Оливия кивнула. Она полгода не впускала старейшин в спальню Пьеро, но отрицать правду сейчас было бы глупо.
— Совет беспокоит вопрос передачи власти, — прогрохотал Джордано. — Мы попросили Голос напомнить нам закон. Она сказала…
Его перебила Куарина:
— Не закон! Священный Демерн требует от нас повиновения правителям. Правителей приводят к присяге, но священный Демерн никогда не говорил о том, кто должен ими становиться. В Селебре новый дож выбирается в соответствии с обычаями. Я могу лишь говорить о соблюдении традиций — как судья, а не как Голос.

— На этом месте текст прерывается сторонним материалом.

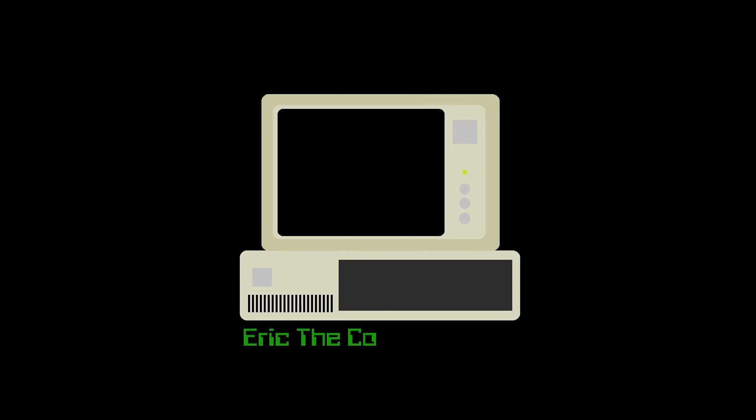Hello, Eric the Computer Guy here. Welcome to today's video. We're going to be upgrading the Dell Dimension 3000 to a Pentium 4 CPU.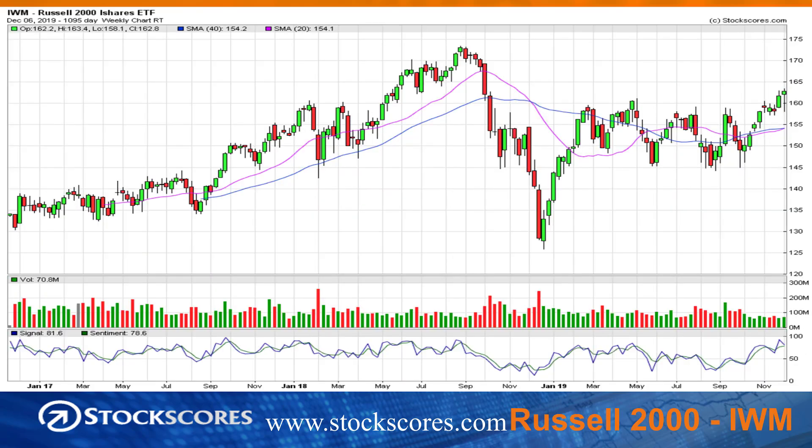Looking at the Russell 2000, it also had a little bit of selling during the week, but it finished the week near the highs. We still have that breakout from two weeks ago — I think this market is likely to head higher. So if you like to trade those smaller cap US stocks, this index shows that they are likely to do well in the near term.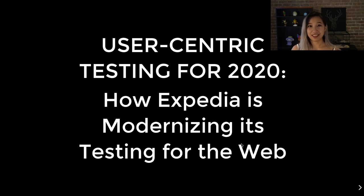Hi everyone, I'm Tiffany. I hope the weather is good to you wherever you are. I'm going to be talking today about user-centric testing and how Expedia Group specifically was able to build a testing pipeline that is resilient to change.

Оливия наградила ее едва заметной улыбкой, но промолчала. Священные документы изменить невозможно. А вот обычаи…
— Дож выбирается Советом Старейшин, — сказала Берлис.
— На следующий день после похорон его предшественника, — добавила Оливия.
Улыбка Берлис получилось предельно холодной.
— И на этом Совете первым голосует мертвый. Его голос имеет огромное значение, поскольку Совет крайне редко не учитывает мнение прежнего дожа.
— Таких случаев было пять, — заметила Куарина.
— А сколько всего было дожей? — спросила Оливия.
— Советом избрано тридцать два дожа. Ранее обычаи были другими.
Наступило молчание.
Наконец Джордано откашлялся.
— Совет прислал нас узнать, за кого отдаст свой голос лорд Пьеро.
На самом деле им хотелось проведать, насколько тяжело он болен. Тут их поджидал сюрприз. Пьеро не говорил и даже не признавал жену уже шестьдесят дней. Как только старейшины об этом услышат, они назначат более подходящего регента, чем Оливия Ассичи-Селебр — представительница весьма незначительного дома.
— По обычаю дожем должен стать самый старший родственник мужского пола, но такого человека на данный момент нет — пока нет. — Она помолчала и вонзила клинок до конца: — Поскольку лорд Чайз еще слишком молод.